Dr Dar estime que les gens qui fument le font pour les bénéfices à court terme, comme la gratification orale, le plaisir sensoriel ou de camaraderie sociale. Une fois l'habitude établie, les gens continuent à fumer en réponse à des signaux et à des situations qui deviennent associées au tabagisme. Dr Dar estime que considérer le tabagisme comme une habitude, et non pas comme une dépendance, facilitera sa prise en charge. Il suggère que les remèdes au tabagisme mettent l'accent sur les aspects psychologiques et comportementaux de l'habitude sans focaliser sur les aspects biologiques comme cela est le cas actuellement [2].
Article traduit de :
Smoking Mind Over Smoking Matter
American Friends of Tel Aviv University, 13.07.2010
(avec l'aimable autorisation de Reuven Dar, original anglais ici)
Références
- The craving to smoke in flight attendants: Relations with smoking deprivation, anticipation of smoking, and actual smoking.
Dar, Reuven; Rosen-Korakin, Nurit; Shapira, Oren; Gottlieb, Yair; Frenk, Hanan; Journal of Abnormal Psychology, Vol 119(1), Feb 2010, 248-253. - cf. l'ouvrage de Hanan Frenk et Reuven Dar : Dépendance à la nicotine. Critique d'une théorie ; Préface de Robert Molimard ; Paris, Les Belles Lettres, 2004.
Bonjour,
Super cet article. Oui effectivement, il est question de plus en plus de cette relation de dépendance par rapport aux habitudes.
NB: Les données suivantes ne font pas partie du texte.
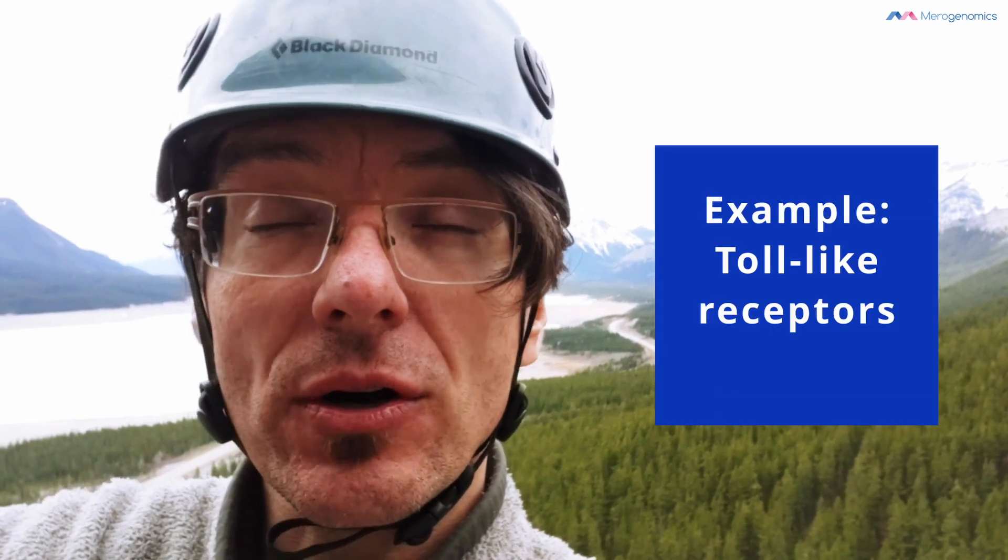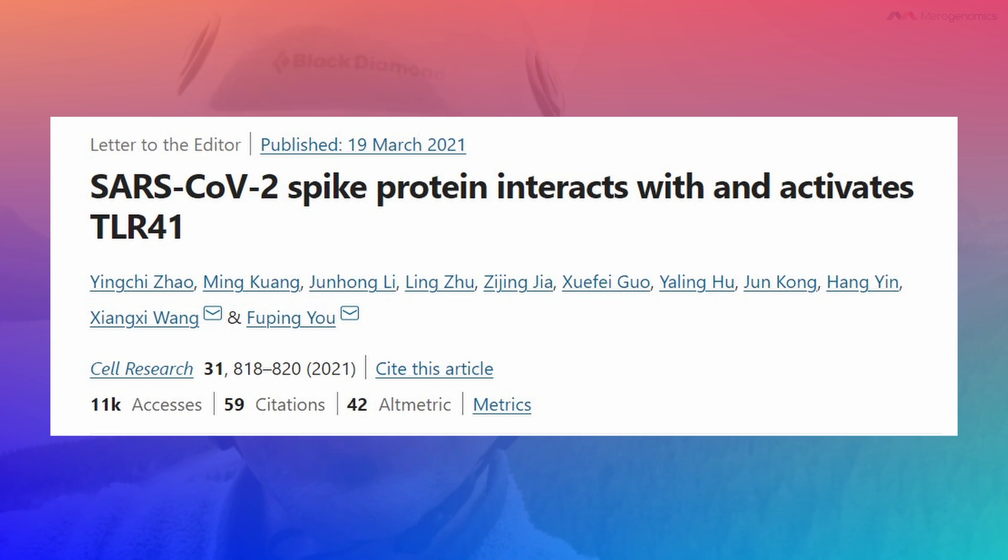One example is toll-like receptors. It turns out that spike protein can interact with toll-like receptor number four. Toll-like receptors are structures found on top of certain immune cells called sentinel cells — named because their role is to scout the territory for invading pathogens. Examples include macrophages and dendritic cells. These receptors recognize very broad, generic pathogen-specific structures and, when activated, their role is essentially to activate the immune system, leading to inflammation.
Et savez-vous que la plupart des fumeurs n'arrêtent pas de fumer à cause de fausses excuses.
Prendre conscience de ces fausses excuses, permet vraiment de franchir un pas décisif dans l'arrêt du tabac.
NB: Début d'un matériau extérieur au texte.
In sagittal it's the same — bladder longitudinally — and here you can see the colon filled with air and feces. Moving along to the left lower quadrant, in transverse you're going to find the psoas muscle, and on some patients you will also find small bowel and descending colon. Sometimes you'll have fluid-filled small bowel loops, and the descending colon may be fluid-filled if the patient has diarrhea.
Pour ceux qui sont intéressés par le sujet, vous pouvez visionner 3 vidéos gratuites qui expliquent très bien tout ça à partir de mon blog http://www.arret-de-tabac.blogspot.com
On trouve aussi d'autres infos intéressantes dans ces vidéos comme par exemple les raisons exactes qui vous poussent à fumer (et qui ne sont pas toujours celles que l'on croit...) et comment vous en débarrasser pour de bon, etc etc.
Bonne journée à tous.
Stéphane
Rédigé par : Stéphane | 26/07/2010 à 10:48
Vous avez oublié de préciser le conflit d'intérêt des auteurs avec l'industrie du tabac!
Cela permet une lecture critique.
Rédigé par : Jacques | 25/01/2011 à 11:24
Le fait de fumer est pour la plupart des fumeurs assimilé à un plaisir. Pour renoncer à ce plaisir, qui créé la dépendance psychique, il est fortement recommandé de compenser par un plaisir équivalent.
La dépendance psychique est particulièrement difficile à vaincre puisqu’elle sous-entend d’être bien dans sa tête, en harmonie avec soi-même et avec les autres. Or, généralement, la compensation du plaisir de la cigarette aboutit souvent à des grignotages et par ricochet à une prise de poids. De quoi démoraliser encore plus et céder à l’appel de la cigarette. La meilleure arme contre la dépendance psychique au tabac est d’être accompagné et remotivé par ses proches en cas de baisse de moral.